Ali Riley has played 75 games with the New Zealand national women's soccer team. Photo by Stanford Athletics.
"Once we settled down I think we played our game," Riley said after losing to the United States national team, 4-1, at Candlestick Park in an International Friendly in front of 16,315 fans. "I think we showed in the second half how we've developed. We're looking to build for World Cup and the Olympics."
Riley was one of four Stanford grads who took the field Sunday for the exhibition game. Christen Press, who scored a goal, Nicole Barnhart, who was in the net for the second half and Rachel Buehler, who played all 90 minutes on defense, played for Team USA.
"I haven't been able to visit my old stomping grounds," Riley said. "We leave so early in the morning I have no chance. I'll have to come back when I have some time."
The U.S. and New Zealand play again Wednesday in Columbus and Riley hopes to be able to catch up with her former Cardinal teammates then.
Riley, who turns 26 on Wednesday, played in her 75th career match with New Zealand. She's one of the team leaders and is a calming influence on the back line.

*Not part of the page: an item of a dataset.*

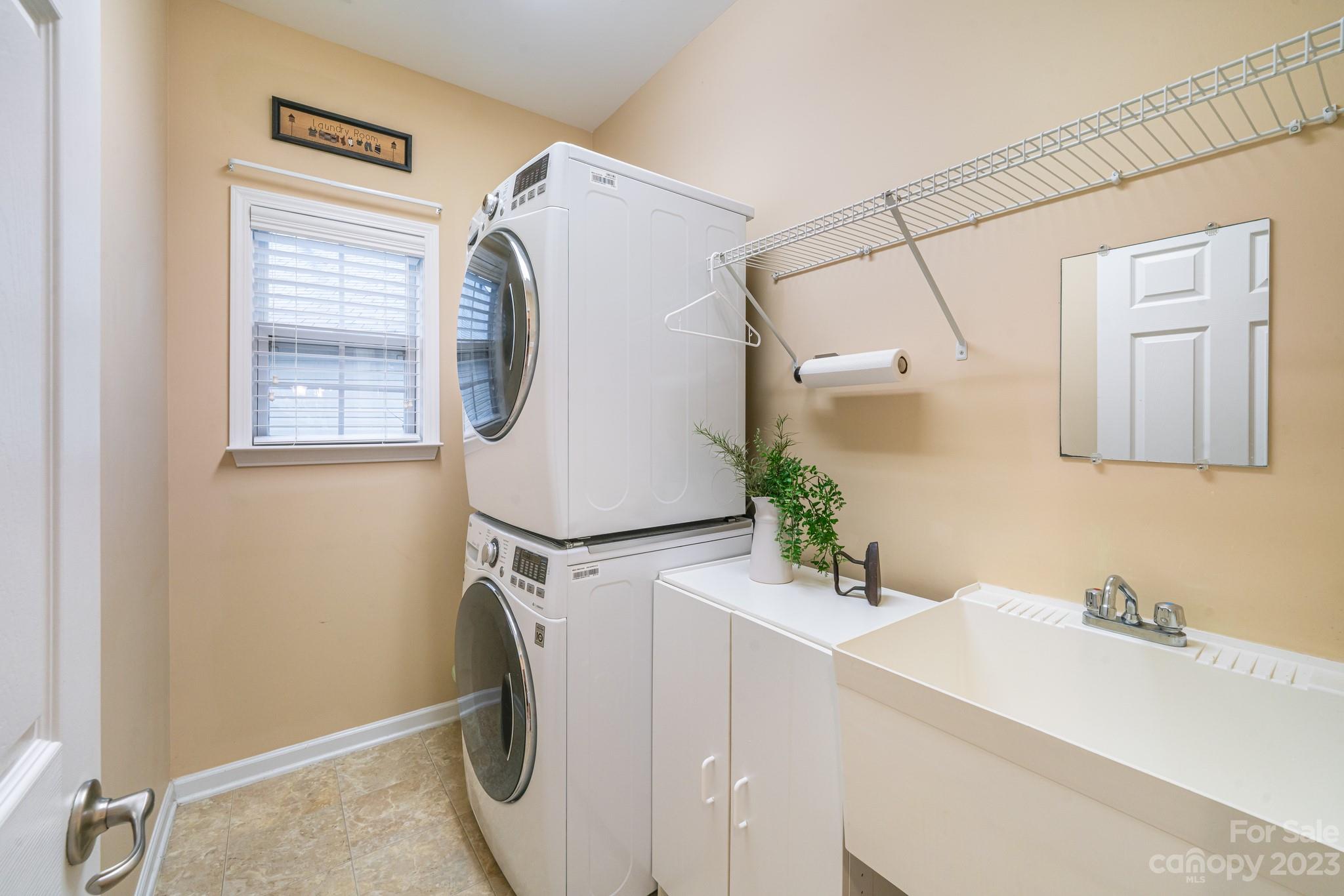 Four Seasons At Gold Hill - Residential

"Ali is great," New Zealand coach Tony Readings said. "We know she's a great defender; they aren't many players in the world who can get behind her. She's emerged as a leader and is pretty consistent."
Press, who scored her eighth goal in 11 games, said it was special being able to play, and score, in front of her family, many of whom were seeing her for the first time.

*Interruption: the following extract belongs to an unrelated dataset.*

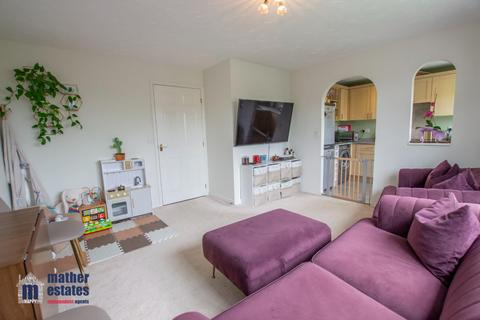 2 bedroom flat for sale, Cleveland Way, Stevenage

"I had so much family here, from a five-year cousin to an 80-year grandmother," Press said. "They don't travel so this could be the only time they will see me play."
Press gave the Americans a 3-0 lead just before halftime, kicking it low and hard from 18 feet out to the far post.
"The ball popped out right to me," Press said. "I thought it was time to shot and score."
Press plans to return to Sweden to compete in the Champions League and then return to play professional soccer in the United States.
"I think they'll probably sort out a team for me," she said. "I'll just go where they say."